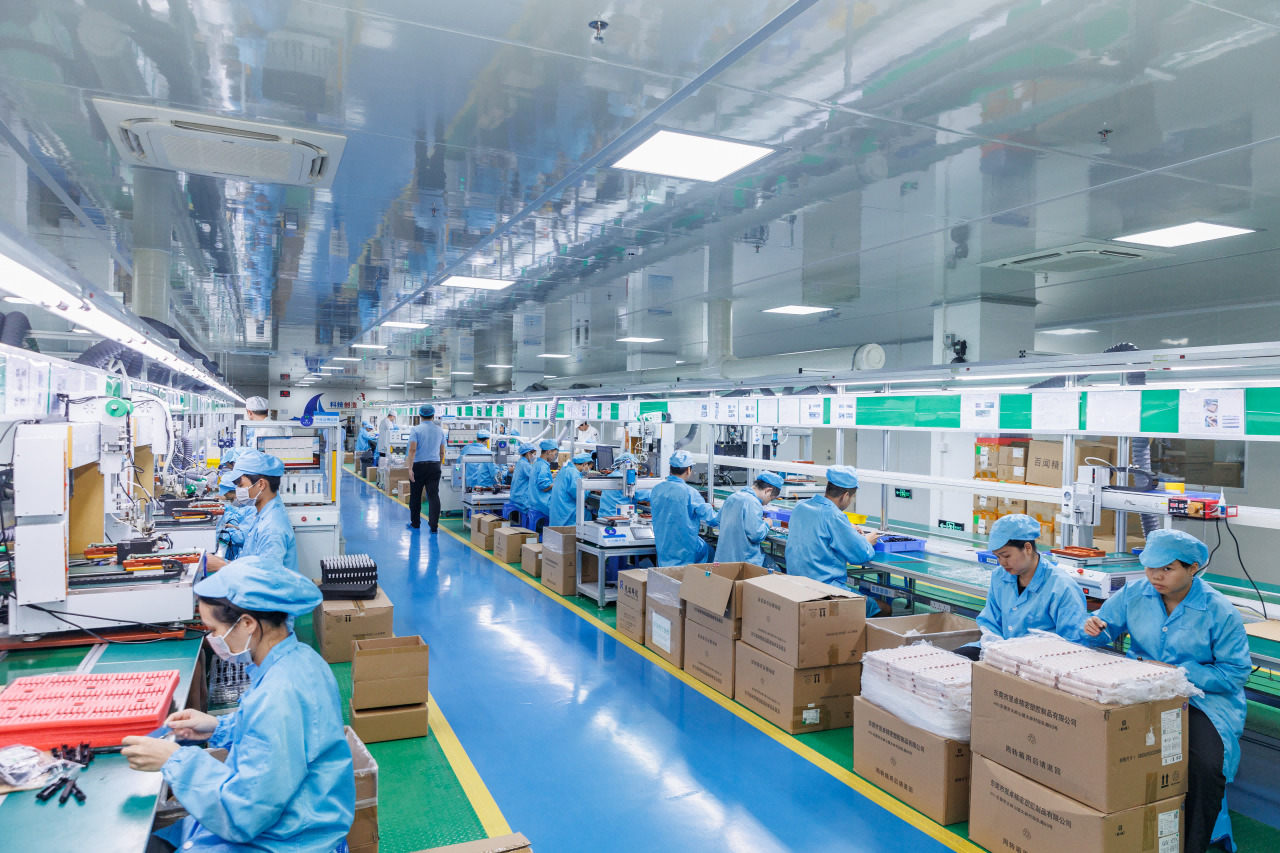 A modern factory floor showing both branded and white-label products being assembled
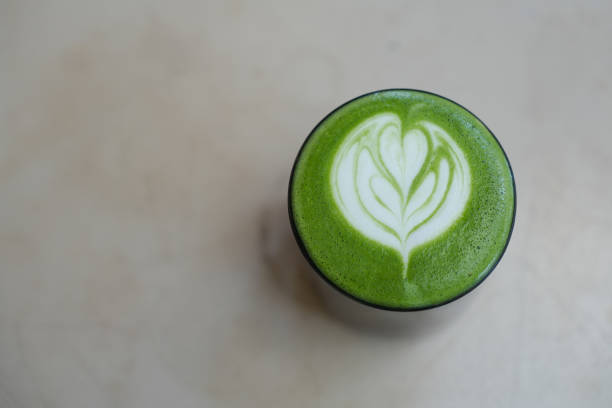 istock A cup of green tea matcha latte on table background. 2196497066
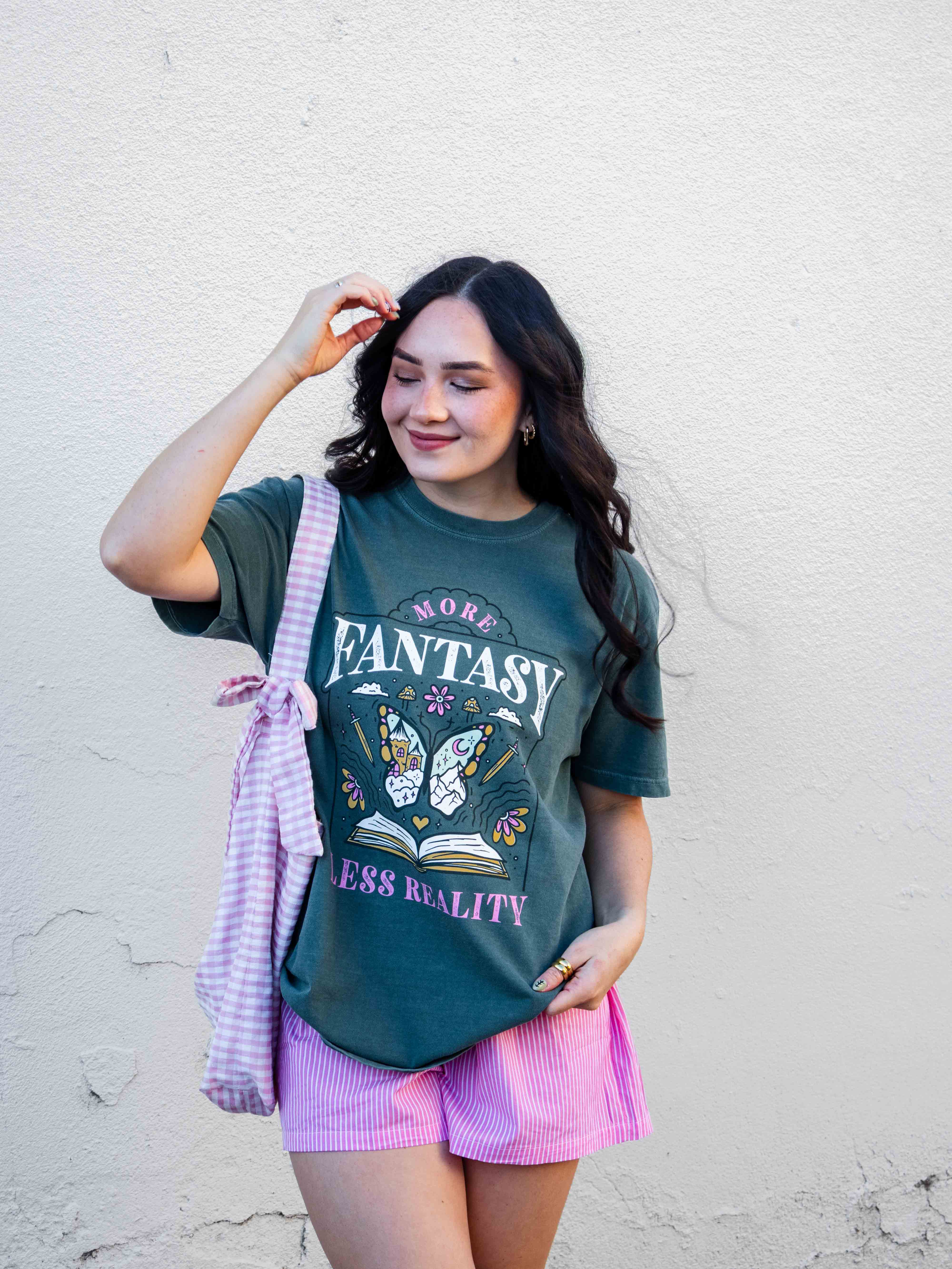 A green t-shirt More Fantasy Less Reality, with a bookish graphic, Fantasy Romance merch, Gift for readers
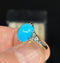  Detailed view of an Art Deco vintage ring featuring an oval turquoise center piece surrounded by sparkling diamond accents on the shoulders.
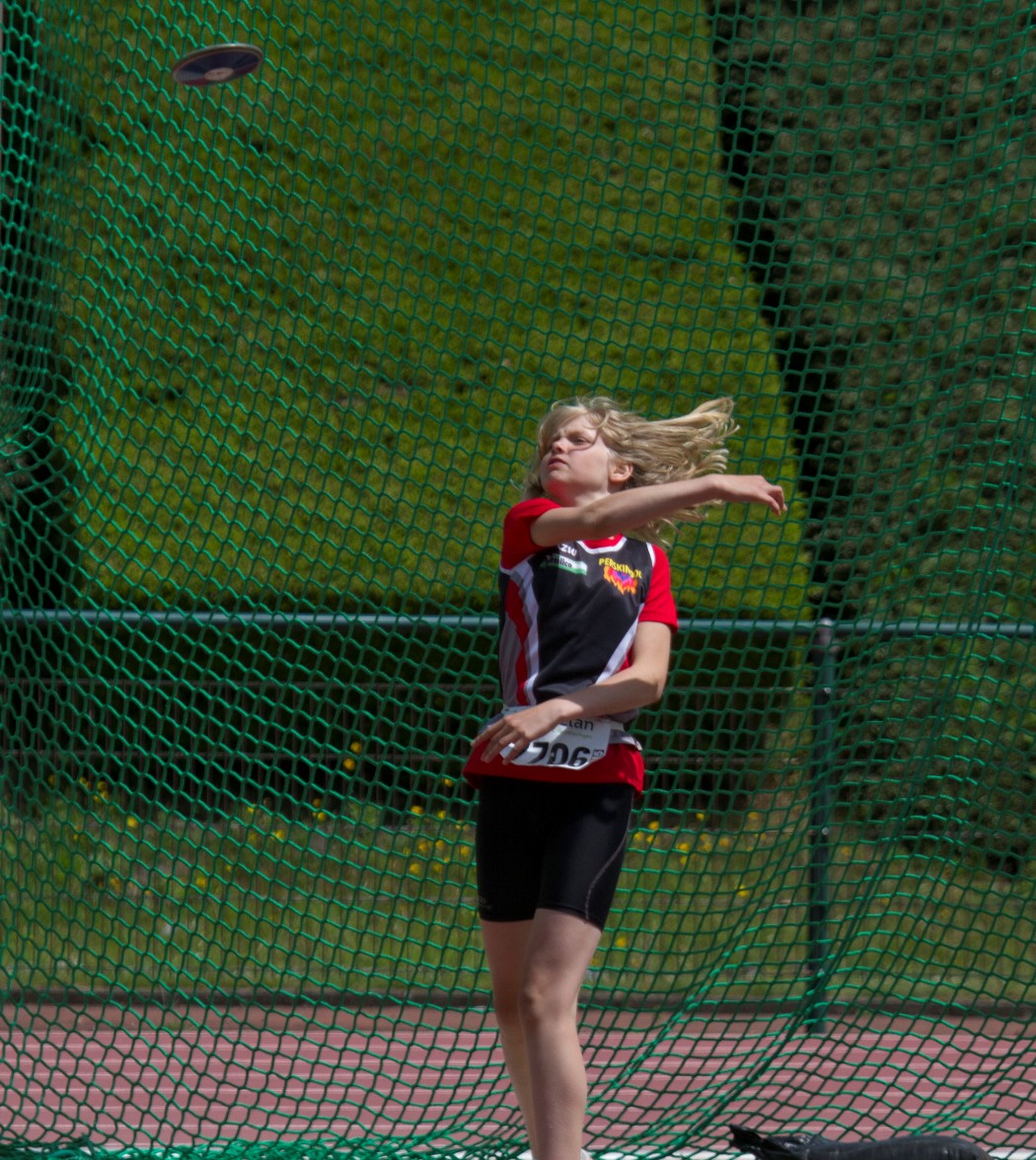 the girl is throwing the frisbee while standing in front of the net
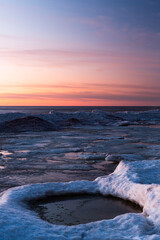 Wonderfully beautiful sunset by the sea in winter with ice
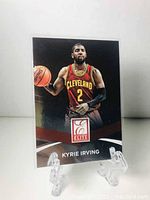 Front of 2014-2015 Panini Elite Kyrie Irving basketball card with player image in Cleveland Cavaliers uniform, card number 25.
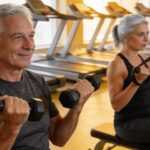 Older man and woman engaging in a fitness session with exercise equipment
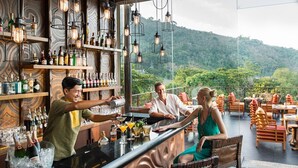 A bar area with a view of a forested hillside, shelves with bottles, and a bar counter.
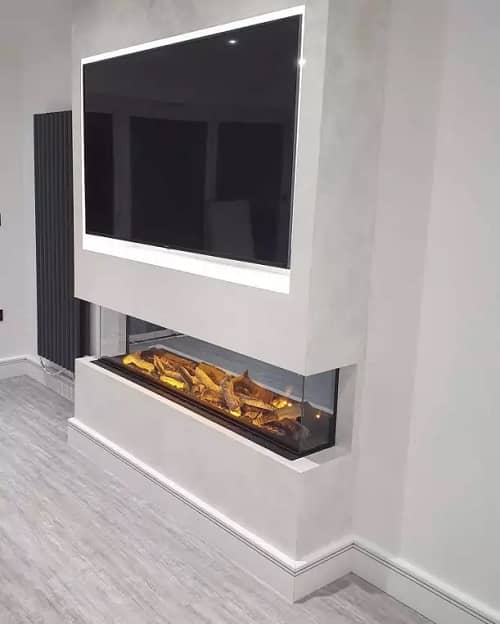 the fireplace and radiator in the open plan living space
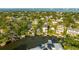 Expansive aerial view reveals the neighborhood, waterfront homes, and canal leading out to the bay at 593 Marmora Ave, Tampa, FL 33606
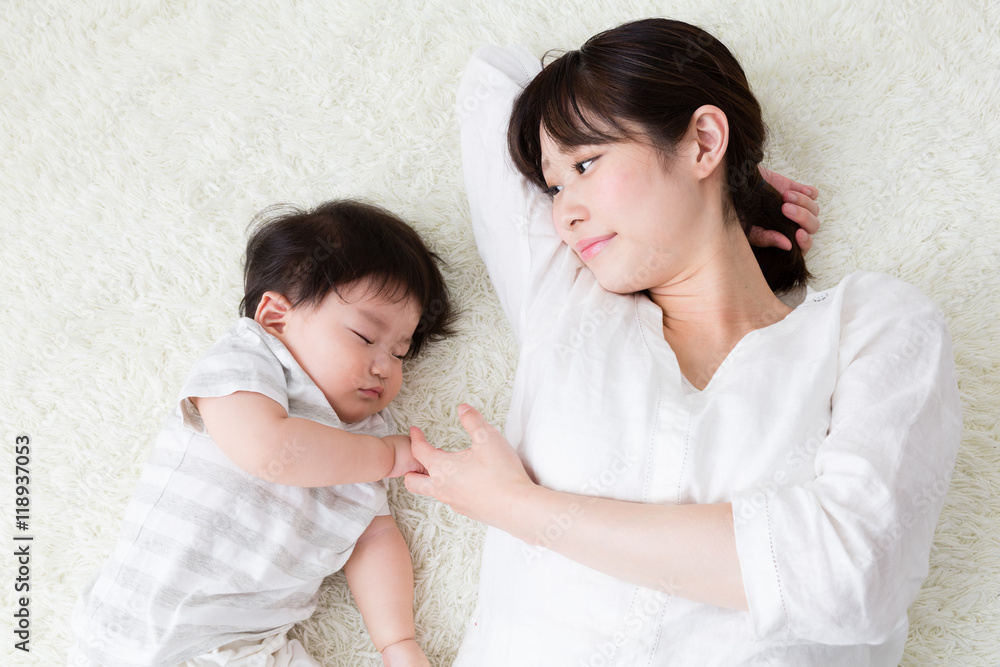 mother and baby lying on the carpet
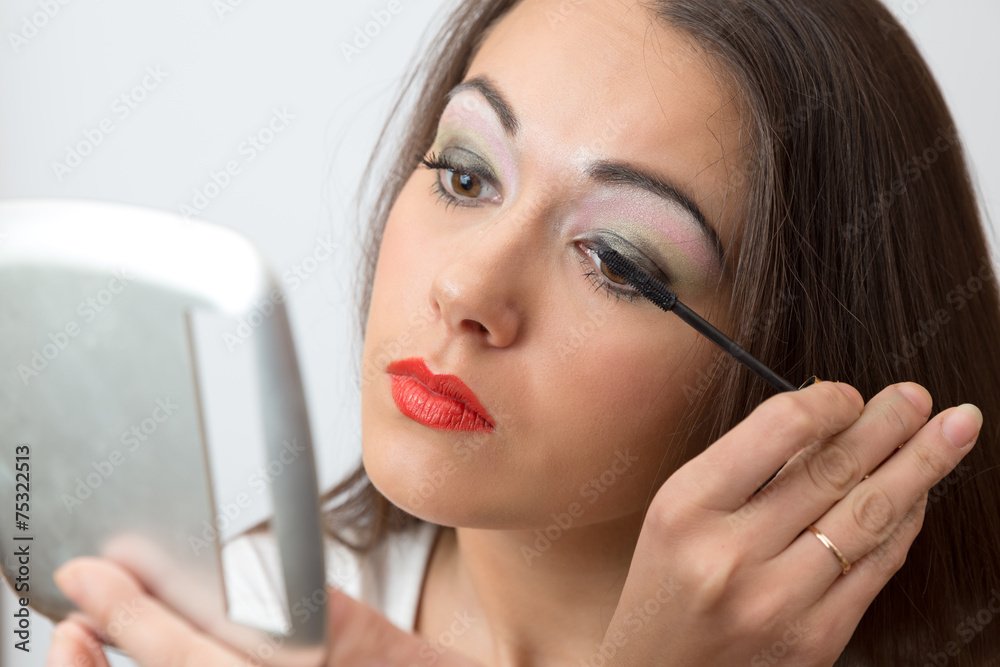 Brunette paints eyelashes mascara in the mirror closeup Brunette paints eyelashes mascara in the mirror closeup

● EXERCISE: The output must be every line of the records, printed exactly, with the pictures omitted.

● EXERCISE ANSWER:
 A modern factory floor showing both branded and white-label products being assembled
 istock A cup of green tea matcha latte on table background. 2196497066
 A green t-shirt More Fantasy Less Reality, with a bookish graphic, Fantasy Romance merch, Gift for readers
  Detailed view of an Art Deco vintage ring featuring an oval turquoise center piece surrounded by sparkling diamond accents on the shoulders.
 the girl is throwing the frisbee while standing in front of the net
 Wonderfully beautiful sunset by the sea in winter with ice
 Front of 2014-2015 Panini Elite Kyrie Irving basketball card with player image in Cleveland Cavaliers uniform, card number 25.
 Older man and woman engaging in a fitness session with exercise equipment
 A bar area with a view of a forested hillside, shelves with bottles, and a bar counter.
 the fireplace and radiator in the open plan living space
 Expansive aerial view reveals the neighborhood, waterfront homes, and canal leading out to the bay at 593 Marmora Ave, Tampa, FL 33606
 mother and baby lying on the carpet
 Brunette paints eyelashes mascara in the mirror closeup Brunette paints eyelashes mascara in the mirror closeup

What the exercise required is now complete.